20th–21st century Confucianist revival movement

New Confucianism (新儒家 (新儒家, Xīn Rújiā, New Confucianism)) is an intellectual movement of Confucianism that began in the early 20th century in Republican China, and further developed in post-Mao era contemporary China. It primarily developed during the May Fourth Movement. It is deeply influenced by, but not identical to, the neo-Confucianism of the Song and Ming dynasties.

It is a neo-conservative movement of various Chinese traditions and has been regarded as containing religious overtones; it advocates for certain Confucianist elements of society – such as social, ecological, and political harmony – to be applied in a contemporary context in synthesis with Western philosophies such as rationalism and humanism. Its philosophies have emerged as a focal point of discussion between Confucian scholars in mainland China, Taiwan, Hong Kong, and the United States.

== History ==

The first generation of new Confucians (1921–1949) came about as a response to the May Fourth movement and its iconoclastic stance against Confucianism. Confucianism was attacked as unscientific and contrary to the progress of a modern China. One notable figure during this time was Xiong Shili, who studied Buddhism in depth in his youth but later sought a reformation of the Confucian philosophical framework.

Borrowing from the school of Wang Yangming, Xiong developed a metaphysical system for the new Confucian movement and believed Chinese learning was superior to Western learning. Another figure, Feng Youlan, following the neo-Confucian school of Zhu Xi, sought a revival of Chinese philosophy as challenged and influenced by the questions and techniques of modern Western philosophy.

After the founding of the People's Republic of China in 1949, many of the leading intellectuals left the mainland to Taiwan, Hong Kong, and the United States. Notable figures of this second-generation (1950–1979) include individuals like Tang Junyi, Mou Zongsan, and Xu Fuguan; all three are students of Xiong Shili. Mou, in particular, was grounded in classic Chinese philosophical traditions and argued that Immanuel Kant was, in many ways, a Western Confucius. These three worked with the Qian Mu to found New Asia College in Hong Kong. One of New Asia's most prominent graduates was Yu Yingshi. Together with Zhang Junmai, in 1958 they issued the New Confucian Manifesto consolidating their beliefs and drawing attention to their philosophical movement.

In the early 21st century, the most prominent representatives of the new Confucian movement outside of China have been the students of Mou Zongsan. One of the most prominent, Tu Wei-ming, promoted the idea that Confucianism saw three epochs: the classical pre-Han Confucianism, Song-Ming neo-Confucianism, and new Confucianism. This third generation has been instrumental in grounding Confucianism in non-Asian contexts, such as Boston Confucianism and Western scholars such as Wm. Theodore de Bary.

=== Mainland New Confucianism ===

Following the period of reform and opening-up under Deng Xiaoping after 1978, Confucian thought experienced a revival in mainland China.
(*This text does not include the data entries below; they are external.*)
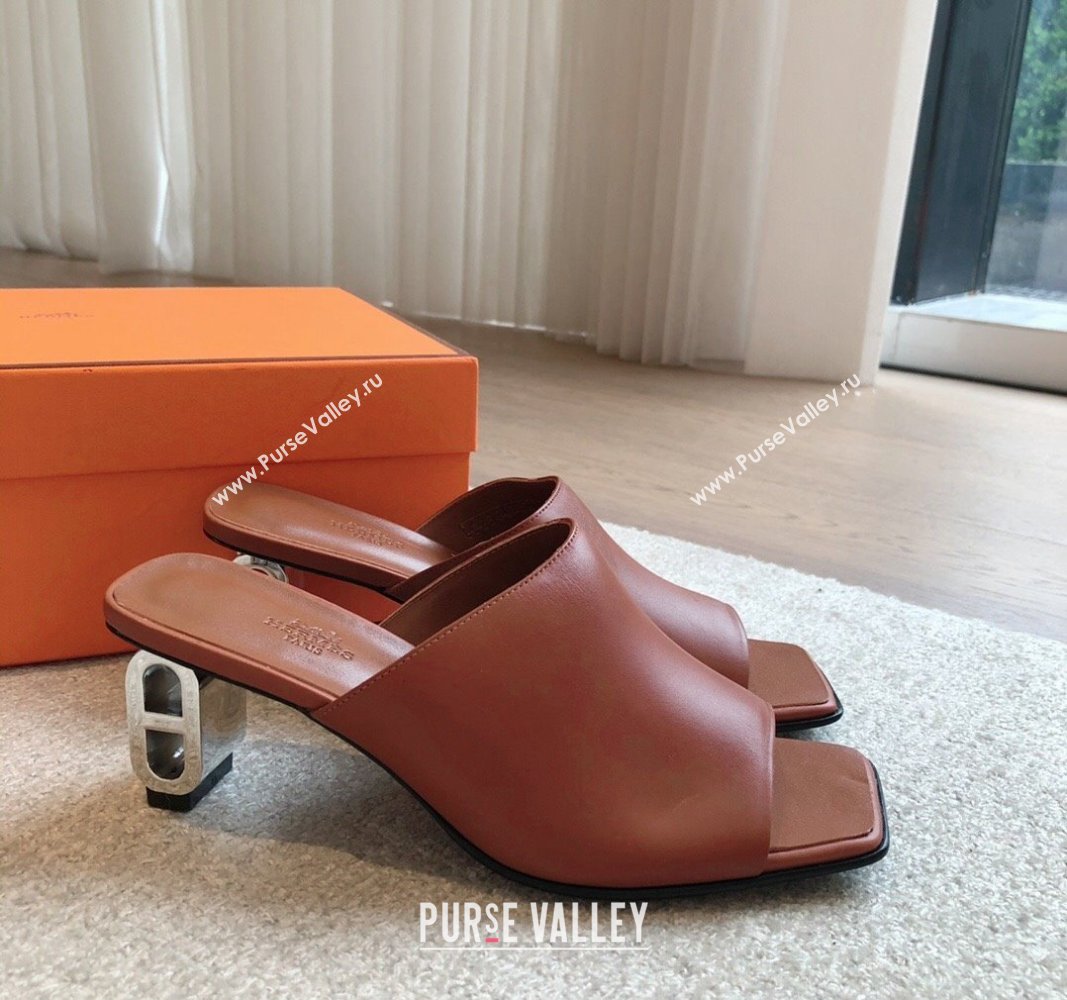 Hermes Iconique Heel Slides Sandal 6cm in Calfskin Brown 2024 (XC-240703036)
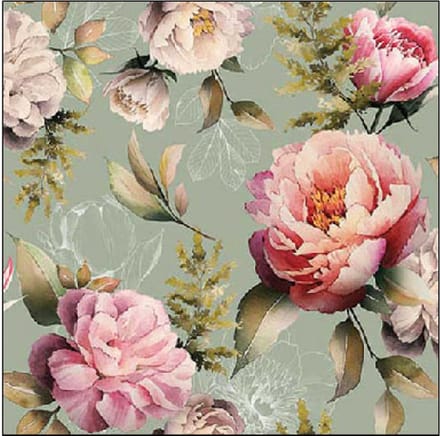 Ambiente Servet 25x25cm Peonies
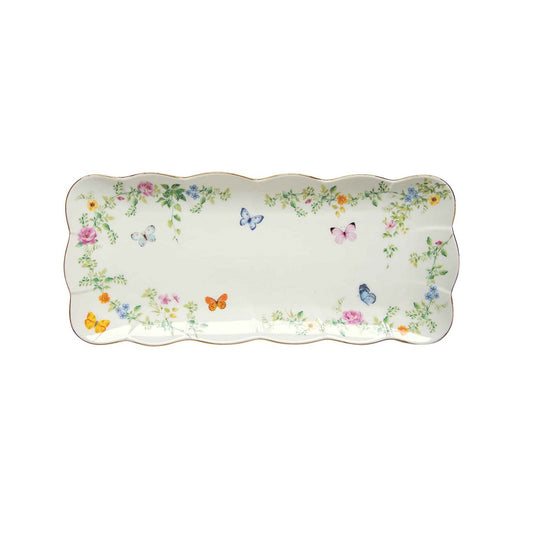 Easy Life Vassoio rettangolare in porcellana 36x14,5 cm in gift box Dancing Butterflies
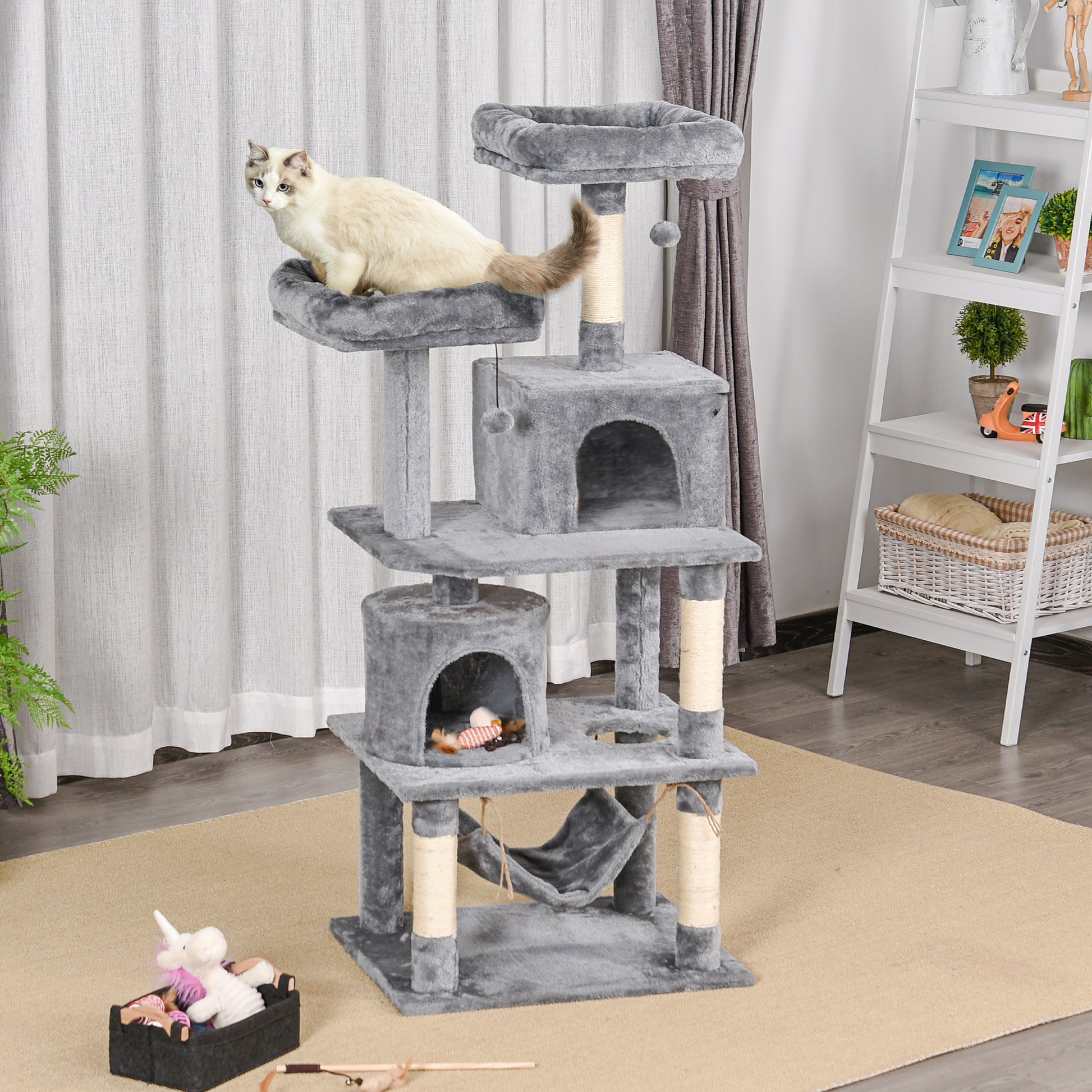 Large Cat Scratching Post Tree 145 cm, Cat Tree with Hammock, Climbing Tree for Cats, Cat Scratching Post Cave Cat Furniture with Sisal Posts, Light Gray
An emerging current of "Mainland New Confucians", led initially by Jiang Qing, sharply demarcated themselves from the "Overseas New Confucianism" developed by Mou and others. Unlike the reformist views of Overseas New Confucian intellectuals, Mainland New Confucians viewed Confucianism as a national religion supported by doctrinal, political, and spiritual systems. According to Jiang, Confucian thought can be divided into two currents, "Mind Confucianism" and "Political Confucianism".

Confucianism, he posits, has for over a millennium been confined to Mind Confucianism at the expense of Political Confucianism, leaving the true thought of Confucius "mutilated". Jiang argues for the restoration of political legitimacy as a core focus of Confucian thought, for renewed attention to Confucian constitutional structures, and for the establishment of Confucianism as an official state religion.
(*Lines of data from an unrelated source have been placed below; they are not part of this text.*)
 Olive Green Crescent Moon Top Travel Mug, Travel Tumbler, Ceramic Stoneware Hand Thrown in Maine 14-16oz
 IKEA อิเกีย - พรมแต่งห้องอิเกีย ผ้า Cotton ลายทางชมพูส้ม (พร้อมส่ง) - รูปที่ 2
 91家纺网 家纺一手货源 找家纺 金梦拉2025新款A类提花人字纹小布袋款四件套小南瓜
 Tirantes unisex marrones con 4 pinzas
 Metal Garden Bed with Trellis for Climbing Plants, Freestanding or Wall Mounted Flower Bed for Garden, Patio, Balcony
Other Mainland New Confucians debated a more liberal political attitude to Confucianism. Chen Ming, an academic at the Institute for World Religions in Beijing, took a leading role. Chen wrote that Confucianism faced the task of providing solutions to three major problems of contemporary Chinese society: political reconstruction, cultural identity, and religious faith. While agreeing with Jiang's rejection of the metaphysical emphasis of "Overseas New Confucianism", Chen argues that Confucianism is best seen as a civil religion on American lines, compatible with democracy, and that political life can express a religious aspect without a formal state religion.

Chen distanced himself from several rivals: Mou Zongsan's Confucianism as the "perfect teaching" seemed too informed by emotion; Jiang Qing's notion that China should be a Confucian state that unified the political and religious was too simplistic; Kang Xiaoguang's program to transform Confucianism into a state religion was "hardly applicable".

Factors influencing the Confucian revival since the early 1990s include the tendency of Chinese intellectuals to oppose the iconoclasm of the May Fourth legacy, an increase in "national learning", and an increasingly anti-Western national mood.

== Terminology ==
Whereas the English rendering of the movement is generally new Confucianism, there is a variety of translations in the Chinese. Many Taiwan-based writers will tend to use the term contemporary new Confucianism (当代新儒家 (當代新儒家, dāng dài xīn rú jiā) or 当代新儒学 (當代新儒學, dāng dài xīn rú xué)) to emphasize the movement's continuity with the Song-Ming neo-Confucianism.

Many within Mainland China prefer the term modern new Confucianism (现代新儒家 (現代新儒家, xiàn dài xīn rú jiā) or 现代新儒学 (現代新儒學, xiàn dài xīn rú xué)) with an emphasis on the period of modernization after May Fourth.

== Philosophy ==
New Confucianism is a school of Chinese philosophy influenced by Confucianism. After the events of the May Fourth Movement in 1919, in which Confucianism was blamed for China’s weakness and decline in the face of Western aggression, a major Chinese philosopher of the time, Xiong Shili (1885–1968), established and re-constructed Confucianism as a response.

New Confucianism is a political, ethical, and social philosophy using metaphysical ideas from both Western and Eastern philosophy. It is categorized into three generations, starting with Xiong Shili and Feng Youlan as the first generation philosophers who set the basis. The second generation consists of Xiong's students, Mou Zongsan, Tang Junyi, and Xu Fuguan. The third generation is not determined via figures unlike previous generations, but new Confucianism from 1980. Xiong and his follower's attempts to reconstruct Confucianism gave new Confucianism its Chinese name, xīn rú jiā.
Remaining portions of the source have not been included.